How can I tell when an LLM is making the answer up?
True answers and fabricated ones come out of the same pipe, in the same tone. There's no red light. But there are seams — places hallucinations cluster, shapes they tend to take, tells you can learn to read.
Why it exists
You’re writing an essay. You ask ChatGPT for a citation, it gives you
a paper title, two authors, a journal, a year. You paste it into your
draft. Hours later, you go to actually open the paper — and it doesn’t
exist. The authors are real, the journal is real, the year is plausible.
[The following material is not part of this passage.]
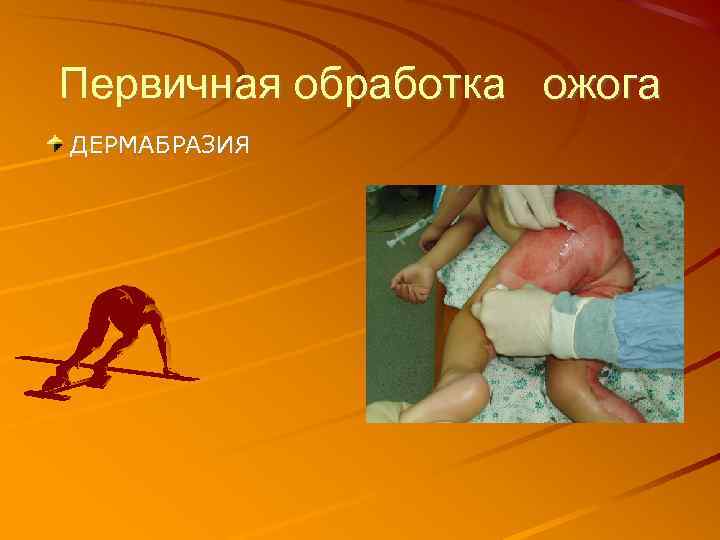 Первичная обработка ожога ДЕРМАБРАЗИЯ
The paper is not. Or you’re vibe-coding and the model writes
import pandas as pd; df.read_excel_safe(path) and your interpreter
tells you read_excel_safe is not a thing. It looks exactly like a
real pandas method. It isn’t one.
That experience — the answer that looked right, sounded right, and turned out to be confidently invented — is the thing this post is about. The hard part is that every answer the model gives looks like an answer. True ones and fabricated ones come out of the same pipe, in the same tone, with the same conviction. There is no little red light that flips on when the model is making it up.
That’s the whole problem. The system that wrote the hallucination — fluently emitting a plausible-looking continuation when it didn’t actually know — is the same system that wrote the answer that turned out to be right. From the surface, they’re indistinguishable.
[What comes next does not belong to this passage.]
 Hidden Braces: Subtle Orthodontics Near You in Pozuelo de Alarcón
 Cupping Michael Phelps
So the practical question, the one a curious user actually has, isn’t “why do hallucinations exist?” — it’s “given that they do, how do I tell, in the moment, whether the thing in front of me is one?”
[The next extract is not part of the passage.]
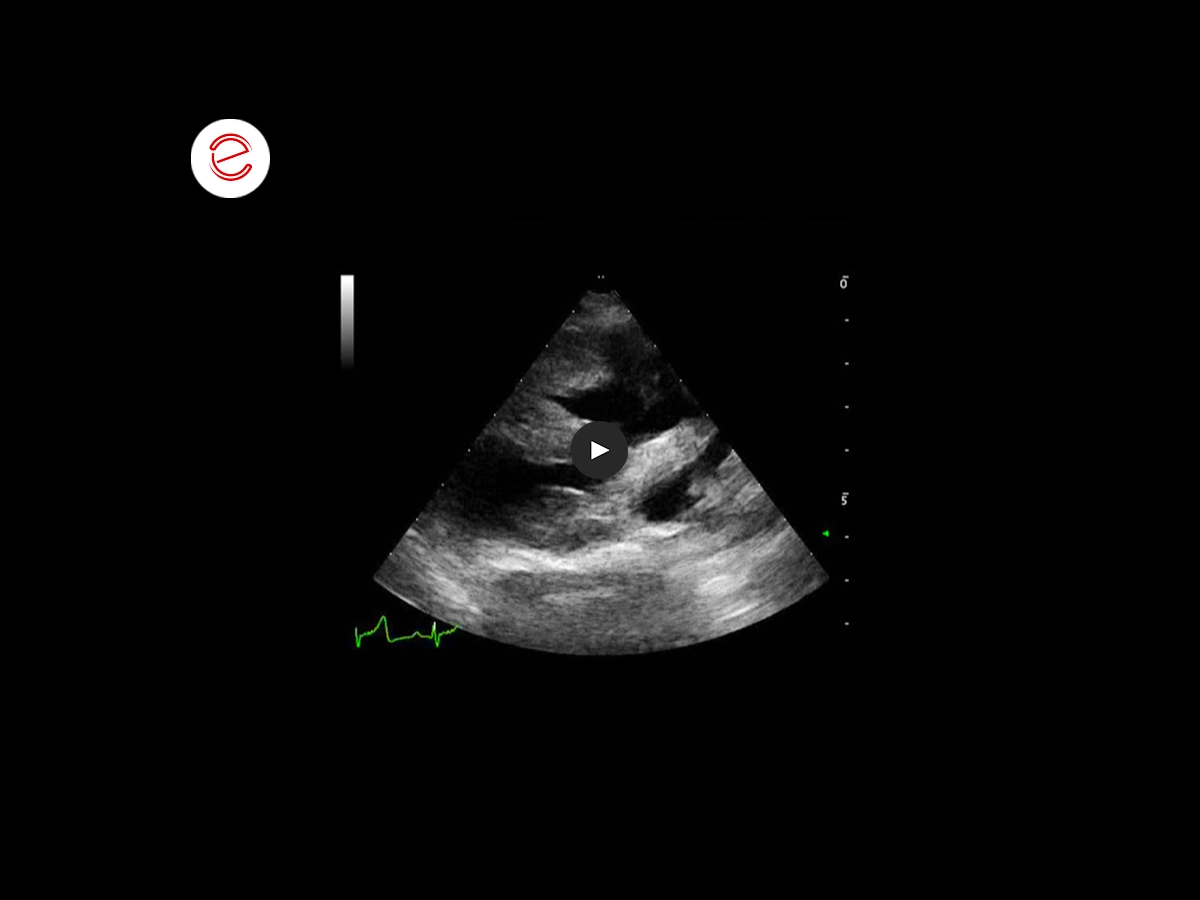 Tetralogy of fallot 3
The honest answer is: you often can’t, not from the text alone. But there are seams. There are places hallucinations cluster, shapes they tend to take, and tells that come from how the model produces them. None of these are decisive. Together, they’re enough to know when to stop trusting the prose and go check.
Why it matters now
LLMs are no longer used only as toy chatbots — they write code, draft contracts, summarize medical records, propose investment theses. The cost of acting on a confident-but-wrong answer scales with what you’re doing. A fabricated citation in a school essay is embarrassing. A fabricated function name in a deployed agent is a bug. A fabricated drug interaction in a clinical decision support tool is harm.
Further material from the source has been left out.